Sunday, February 8, 2009

An Epiphany

I realized something about myself this morning. It came as a thought I've never had but wondered about many times in my life.

I don't have space for a relationship in my life.

I haven't made room for guys to come into my life. I like things the way they are in my apartment and even having a sleepover is something that is not only stressful but I feel puts me out of sorts. It's a weird feeling but I've had it so many times in my life. I'm comfortable with my friends coming over and such but I'm afraid that I've built a lot of walls around that.

I thought I had come to terms with walls many years ago, but I guess I haven't. I'm just worried about being vulnerable. It scares me.

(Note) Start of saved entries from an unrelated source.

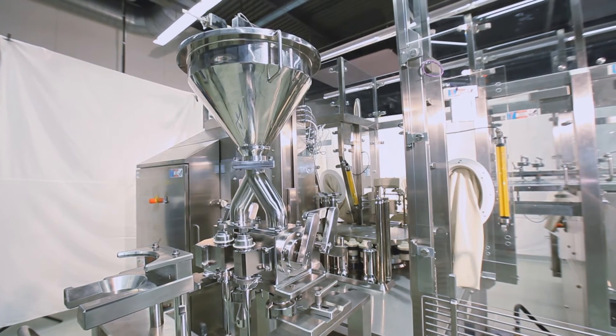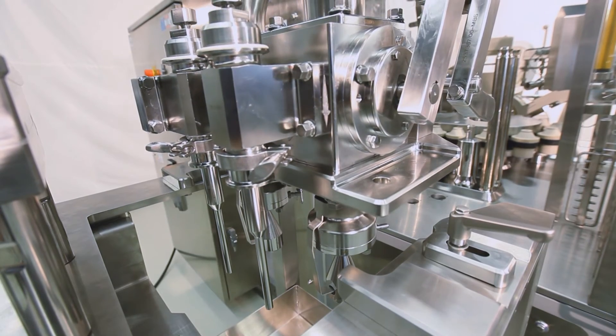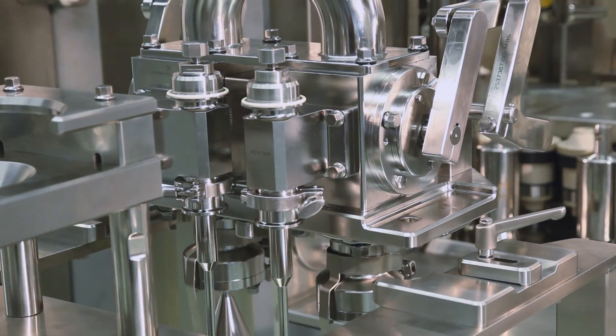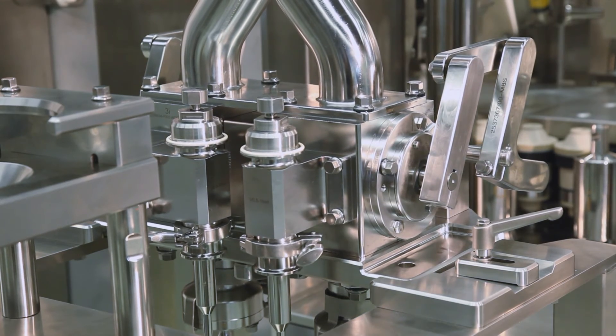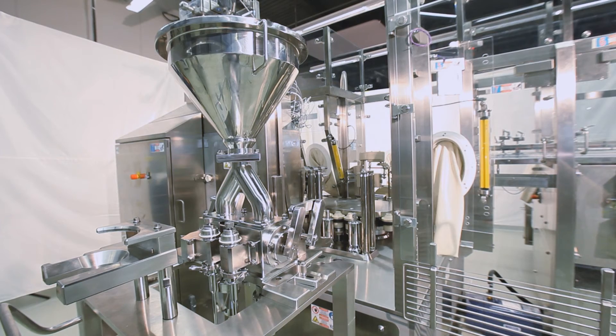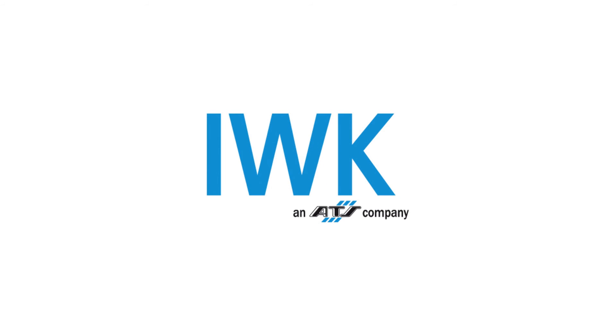The conical dosing system is designed so that it can be sterilized in place on the machine. A fully automated system for a complete clean-in-place and SIP process is also available in the IWK product portfolio. Again, an impressive tube packaging line manufactured by IWK.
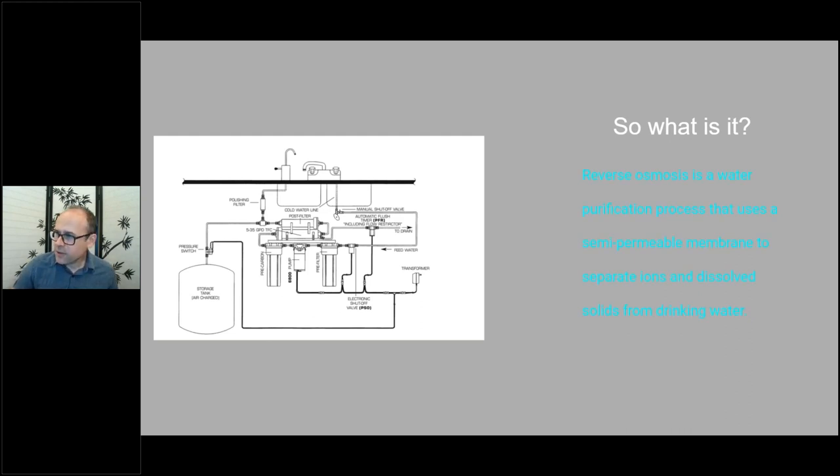Reverse osmosis is a water purification process that uses semipermeable membranes to separate ions and dissolved solids from drinking water. It's a membrane separation technology — common and well-developed, in place for close to 100 years. It was commercialized in the late 1960s when manufacturing advancements made it possible to mass-produce these systems. Prior to that they were special industrial installations, until someone developed the spiral round membrane that made commercialization possible.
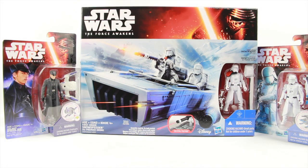Hey everybody, JC here with another T&I Toy Review. Today's review is in association with JediInsider.com, your number one news source for everything Star Wars. For today's review we're going to take a look at a couple of Hasbro's new Star Wars: The Force Awakens 3.75 inch scale toys.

Yet, my walls are safe. They are secure. They are known. I think that's what gets me. I don't let guys in, or I let them in too quickly and they get frightened or what they want and ditch me. I guess I still need some time to work on things.

Ever since 2005, I've had this [false] thought that I'm some how enlightened and that the problem was with other guys. I don't know why I thought this but I did go through a whole process of self reflection. Maybe I need to repeat that process.

I am sad though that I can't seem to get over myself.

3 comments:

Jake said...

You and I are so unlike that it's uncanny. And I never use the word uncanny. Anyway - I've had the same problem. I either let guys in too fast or build up my walls. It's hard to find the happy medium.

Jay said...

Cool blog. I'm adding you to my blogroll :)

jay

christopherc said...

I don't think it's either you, nor the other guy. It's just not been the right combination yet!

When it's right the timing will be there and perfect; you'll know it and you'll fall hard and fast.

In the meantime, know your are appreciated and thought of often.